She said I could. Standing alone in the sea of green-clad excited strangers, this tall woman befriended me. She was probably in her 40s and said she lives in the city area. Used to be a part of the Iloilo Running Buddies. Already ran an ultra marathon. Yes, yes, she said I could make it.
She told me to keep close to her, to calm myself. She would pace me. When the gun was fired, we ran through the arc together. There was a rain of confetti. She raised my hand. It was awkward. It was nice.
I had to resist the fervor of the pack. Everyone was high and eager to set personal records, but everybody else can run past me. I know my pace. A few months back, I dared to go for a half-marathon under the cutoff time of two hours and 30 minutes. I wasn’t trying to make a circuit record or make the podium finish. I was running for myself and I knew that if I want to make it, I have to play within my limits. I just had to run easy on my first miles.
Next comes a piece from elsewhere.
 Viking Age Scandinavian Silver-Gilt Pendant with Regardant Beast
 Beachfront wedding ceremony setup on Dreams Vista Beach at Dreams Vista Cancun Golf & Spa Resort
The first few kilometers are always the hardest. Kilometer 7 is sometimes easier than kilometer 2. Beginning at anything is almost always going to be tough. I was reflecting on this idea, reinforcing it to my memory, when my newfound friend ran up to me and squeezed something into my hand. With the light of the lamp posts and the fading stars at dawn, it turned out to be a bar of Snickers. Just holding it there already gave me a surge of energy. I wish I could’ve told her that.
Along the way, the elite marathon runners were already returning. They were running tall and strong. Despite pained expressions, their strides were fast and sure. There are just some hardships we are willing to suffer for God knows why.
When can I ever run my first marathon? I had to chide myself. When I first started, I couldn’t run 500 meters without wondering if my knees are still attached to the rest of my legs or that if my lungs are still coordinating with my heart. A half-marathon is a long way from my first 3K fun run which back then I thought was crippling enough.
Running past the 10 KM sign, I thought I couldn’t run that far back plus one kilometer anymore. But looking around, it was obvious that the rest are pushing their limits. It would be a disservice to them as much as to myself to give up halfway. Somehow my friend reappeared, steady with her pace. “Kaya pa?” she said. “Kayanon,” I laughed, trying to sound strong.
I was maintaining the pace I trained in which was just enough to make it to the cut off mark. But at about kilometer 12, I was already feeling fatigued. I wanted to slow down. There are just some points at a run when it goes extremely mental and here was mine. This is the point in the movies where the character talks to herself in the mirror and some string-and-piano music plays in the background. But I was on my feet and my sweat glistened in the sun. If I were to look at any mirror, I’d be horrified at the sight of utter haggardness. Thank goodness I only have to pep talk myself.
About five kilometers more and somewhere along Dungon A, a man was putting plastics of ice water on a chair by the roadside. He was offering them for free. It was forbidden to accept assistance, but of course he didn’t knew that. It’s the thought that counts anyway.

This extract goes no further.